» BRIEF: Once the line containing "AK / Ansichtskarte" is reached in the listing below, reproduce it and all later lines through the final one exactly, but omit any pictures.

[GIVEN DATA — start]

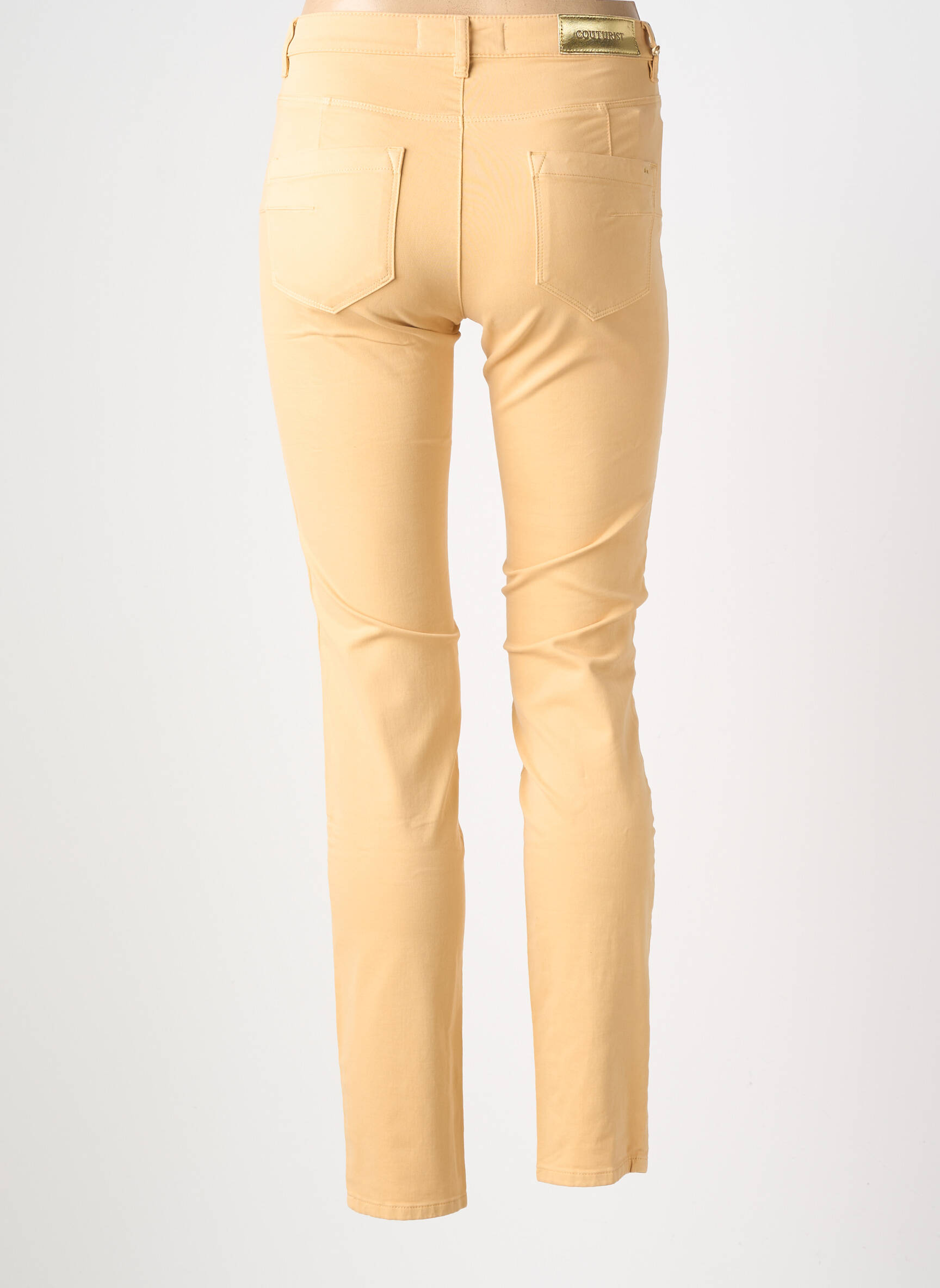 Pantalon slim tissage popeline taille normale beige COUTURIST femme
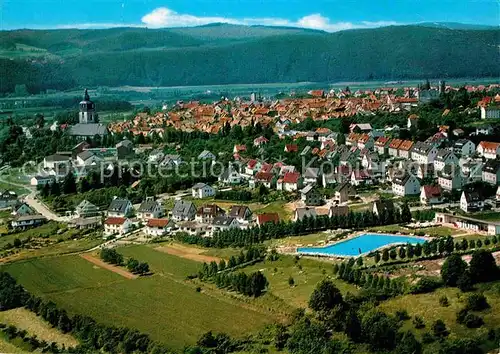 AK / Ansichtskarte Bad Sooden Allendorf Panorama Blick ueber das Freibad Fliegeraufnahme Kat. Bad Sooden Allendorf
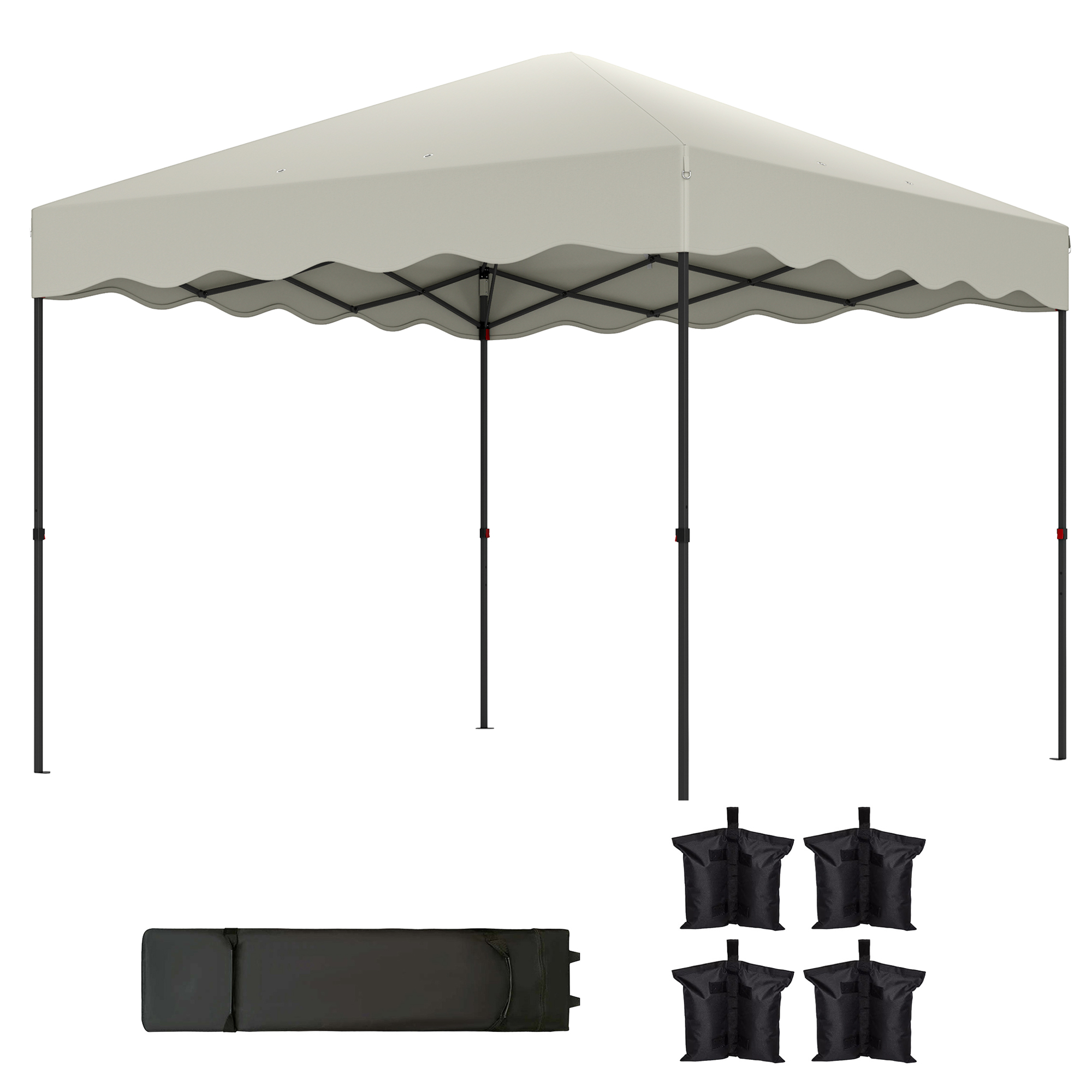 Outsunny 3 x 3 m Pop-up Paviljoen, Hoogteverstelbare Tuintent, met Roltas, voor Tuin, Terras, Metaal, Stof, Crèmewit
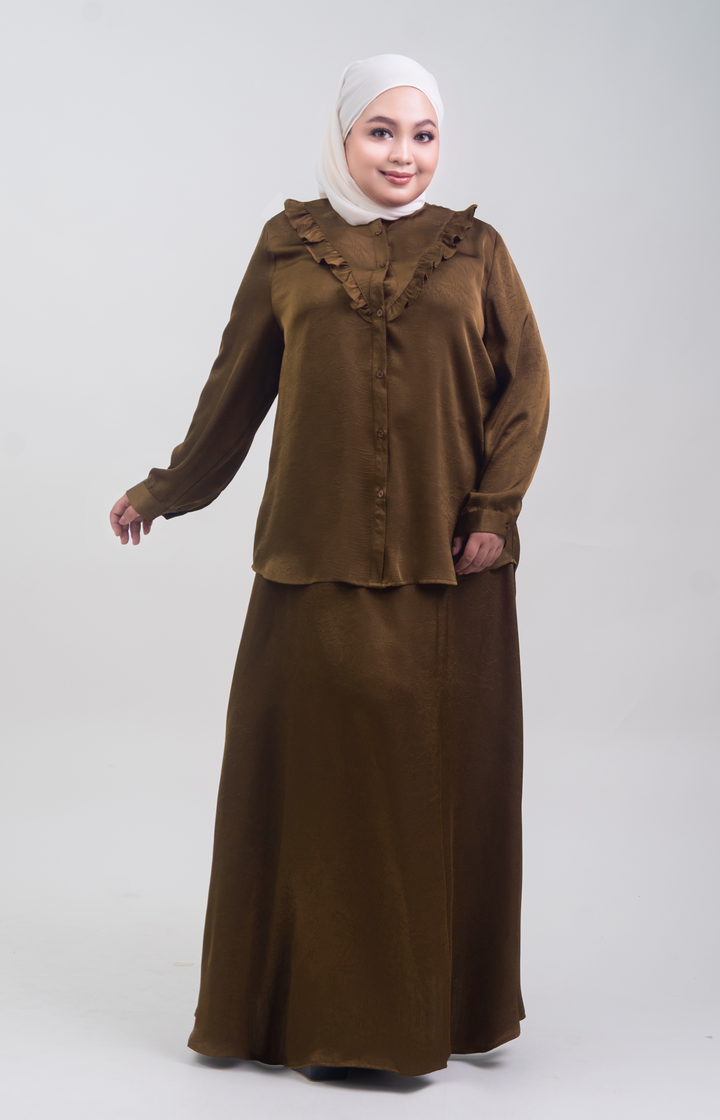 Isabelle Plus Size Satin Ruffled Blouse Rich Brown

[GIVEN DATA — finish]

» REPLY TO THE EXERCISE:
 AK / Ansichtskarte Bad Sooden Allendorf Panorama Blick ueber das Freibad Fliegeraufnahme Kat. Bad Sooden Allendorf
 Outsunny 3 x 3 m Pop-up Paviljoen, Hoogteverstelbare Tuintent, met Roltas, voor Tuin, Terras, Metaal, Stof, Crèmewit
 Isabelle Plus Size Satin Ruffled Blouse Rich Brown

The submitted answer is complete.